BY SUSAN LAHEY
Special Contributor to Silicon Hills News
Dhruv Bansal and Flip Kromer, two of Infochimps’ founders, were budding research scientists, graduate students at the Center for Nonlinear Dynamics at the University of Texas Physics Department. They had no real thought of building a startup. But it did occur to them that not only they, but lots of other people, had the daunting task of looking for answers in giant sets of data—Big Data. Data sets too big to be accessed by normal computers in normal time frames. Sets that require tons of storage and processing capacity.
Bansal, for example, had a school project that required him to laboriously collect and assimilate demographic information on five million students who had taken the Texas Assessment of Knowledge and Skills.
Kromer understood Big Data not only as a scientist but as someone who held a degree in computer science.
So they suspected that the people who dealt in Big Data would rejoice if someone created a marketplace where you could find whatever chunk of Big Data you might need–like stock prices over the last 30 years or weather patterns over the last 100. They just couldn’t figure out how to monetize it.
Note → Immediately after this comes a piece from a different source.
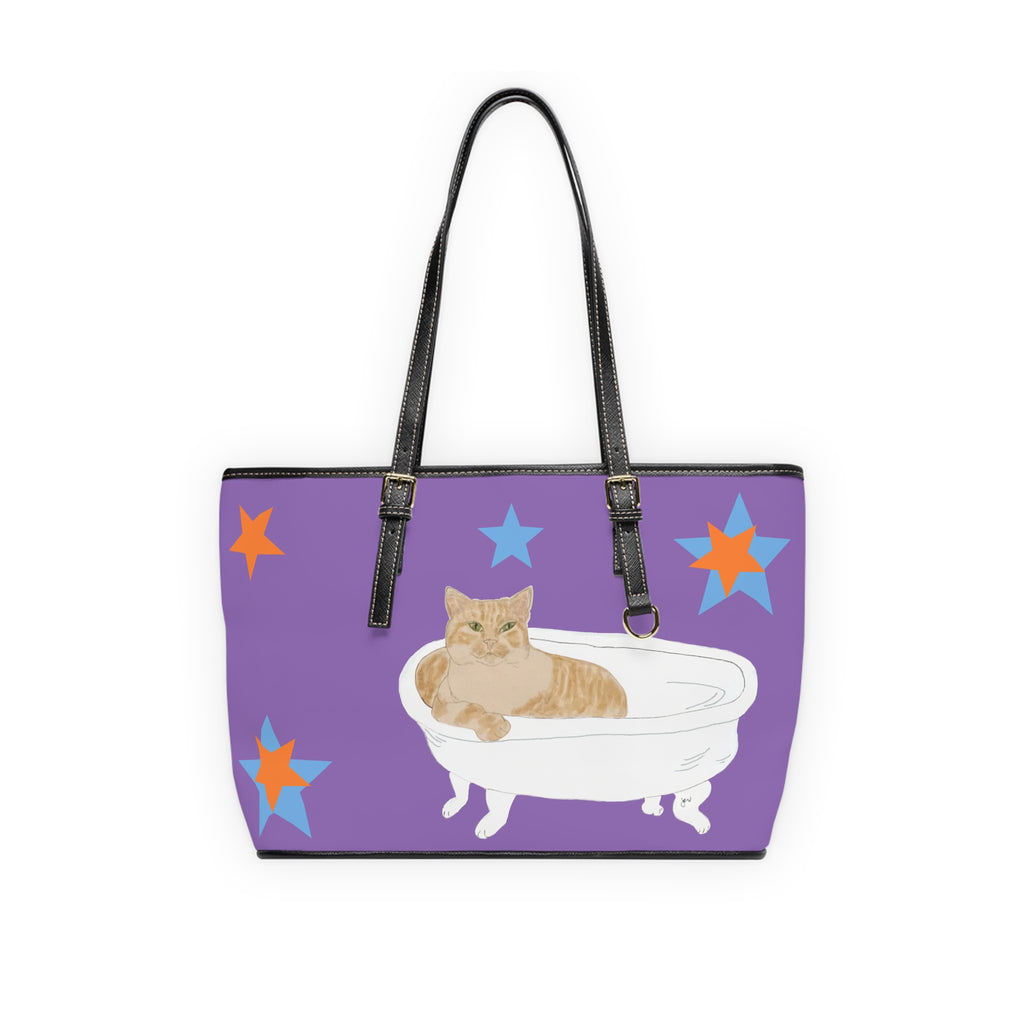 Purple Cat in Bathtub Tote Bag – Cute Orange Tabby Shoulder Bag for Cat Lovers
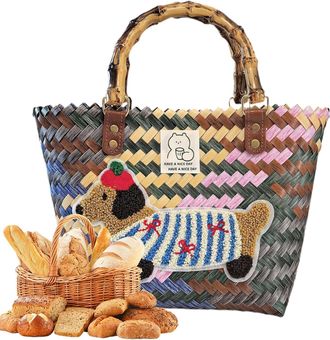 Generic Straw Beach Bag | Dachshund Beach Straw Bag - Handmade Woven Basket Handbag for Picnic Work Resort Birthday Outdoor Dates Vacation Commutes Daily Wedd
“We didn’t perceive it to be a business project,” said Bansal. “It was just two graduate students building this service that would make our lives easier…but it was difficult to garner the resources needed to do this right. How do you get funding if you’re not planning to make money?”
Along came Joe Kelly, who responded to a Craigslist ad placed by Bansal and Kromer, seeking a developer for the physics department’s website. They didn’t hire Kelly. But he didn’t go away, either. Kelly was fascinated by chaos theory and data sets. Not a physicist, he had taken a year of business school, run a Chinese import company, an adventure travel company, and traveled around the Caribbean in a sailboat for three years. The way Bansal put it, Kelly kept bugging Bansal and Kromer, wanting to hang out with them and learn more about what they were working on. One day it dawned on them he might be just the guy to turn Infochimps from a graduate school project to a real business.
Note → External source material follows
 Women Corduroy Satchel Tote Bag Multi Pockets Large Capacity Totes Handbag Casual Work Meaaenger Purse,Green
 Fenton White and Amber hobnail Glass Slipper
Now the guy who wasn’t quite up to par to build a website is the CEO.
Infochimps started as a data marketplace—a place you could sell all the data you compiled on coniferous plants of the Northern Hemisphere or incidences of actual injury involving slipping on a banana peel. It’s a place you could go to buy someone else’s research on geologic findings on a particular igneous rock.
In 2010, about a year after it started, Infochimps got $1.2 million in funding from venture capital firm, DFJ Mercury. This followed $375,000 in seed financing from angel investors. The company said it would use the money to increase the amount of data available to its customers. Currently it manages about 15,000 public and proprietary data sets for download and API access.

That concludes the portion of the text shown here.